For n=10, there are three fixpoints, 9975084201, 9753086421 and 6333176664, four limit cycles of length 3, namely [9775084221, 9755084421, 9751088421], [6433086654, 8332087662, 8653266432], [8732087622, 8655264432, 6431088654] and [8321088762, 8765264322, 6543086544], and one limit cycle of length 7, namely [8433086652, 8633086632, 8633266632, 6433266654, 4332087666, 8533176642, 7533086643].

Addendum from Christopher Lynch (2 Feb 1996):
It is possible to generalize the problem for base b (previously we were only considering base 10).

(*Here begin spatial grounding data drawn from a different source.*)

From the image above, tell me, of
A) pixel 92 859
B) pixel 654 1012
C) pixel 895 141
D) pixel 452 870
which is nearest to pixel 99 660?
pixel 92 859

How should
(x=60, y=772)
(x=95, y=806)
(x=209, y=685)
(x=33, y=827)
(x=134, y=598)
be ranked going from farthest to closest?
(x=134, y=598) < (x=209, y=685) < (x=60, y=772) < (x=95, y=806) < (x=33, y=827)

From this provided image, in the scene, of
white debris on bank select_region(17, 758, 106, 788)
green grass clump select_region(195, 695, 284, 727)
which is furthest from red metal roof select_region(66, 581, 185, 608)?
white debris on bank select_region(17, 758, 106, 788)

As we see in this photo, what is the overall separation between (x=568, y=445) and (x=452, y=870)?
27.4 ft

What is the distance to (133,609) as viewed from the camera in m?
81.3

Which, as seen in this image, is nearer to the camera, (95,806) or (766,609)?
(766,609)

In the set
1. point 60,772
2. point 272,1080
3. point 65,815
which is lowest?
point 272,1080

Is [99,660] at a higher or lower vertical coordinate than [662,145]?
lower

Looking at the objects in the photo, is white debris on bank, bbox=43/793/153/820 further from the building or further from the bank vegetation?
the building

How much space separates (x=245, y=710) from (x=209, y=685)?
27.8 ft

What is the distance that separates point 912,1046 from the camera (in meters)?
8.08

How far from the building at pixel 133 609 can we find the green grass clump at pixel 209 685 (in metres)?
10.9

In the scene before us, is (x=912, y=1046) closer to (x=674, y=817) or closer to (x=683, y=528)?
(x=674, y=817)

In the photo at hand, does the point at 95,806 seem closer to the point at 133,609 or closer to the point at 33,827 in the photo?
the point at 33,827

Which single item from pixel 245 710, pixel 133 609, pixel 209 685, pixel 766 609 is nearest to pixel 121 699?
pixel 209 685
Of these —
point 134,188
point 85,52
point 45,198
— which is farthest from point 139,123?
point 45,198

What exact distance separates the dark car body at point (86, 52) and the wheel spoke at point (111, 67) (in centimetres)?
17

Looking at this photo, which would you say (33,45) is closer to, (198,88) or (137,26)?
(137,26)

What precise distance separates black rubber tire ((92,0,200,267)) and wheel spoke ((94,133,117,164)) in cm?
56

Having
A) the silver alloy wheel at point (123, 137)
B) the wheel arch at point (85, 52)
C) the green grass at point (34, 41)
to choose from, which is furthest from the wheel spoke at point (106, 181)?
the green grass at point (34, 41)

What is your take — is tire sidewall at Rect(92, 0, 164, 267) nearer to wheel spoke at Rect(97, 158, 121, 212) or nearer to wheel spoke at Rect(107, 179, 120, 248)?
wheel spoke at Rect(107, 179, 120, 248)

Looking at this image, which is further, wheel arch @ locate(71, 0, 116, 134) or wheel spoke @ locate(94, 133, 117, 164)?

Given a base b, I have an algorithm to schematize all the fixed points for base b. The algorithm works by creating exponentially many (i.e. 2^b) systems of equations. Each system of equations has b equations and b variables, with coefficients of 0, 1, or 2. Each system of equations with a solution represents a schematization of a set of fixed points. Together, this represents all the fixed points for base b.

I ran the algorithm by hand for all the bases up to 5.. The answers are:

Base 2: {1^k-1}0{1^j}{0^k-1}1 for j>=0, k>=1

Base 3: {2^j}{1^k-1}0{2^k}{1^k}{0^j-1}1 for j,k>=1

Base 4: {3^i}{2^j}{1^k-1}0{3^j}{2^k}{1^j}{0^i-1}1  for i,k>=1 j>=0
        {2^i-1}1{3^i}{1^i-1}2                      for i>=1
Base 5: {4^j}{3^k}{2^k}{1^k-1}0{4^k}{3^k}{2^k}{1_k}{0^j-1}1 for j,k>=1
        3032
        13
I think it would be possible to program this and get the answer for base 10. The number of cases would be in the thousands.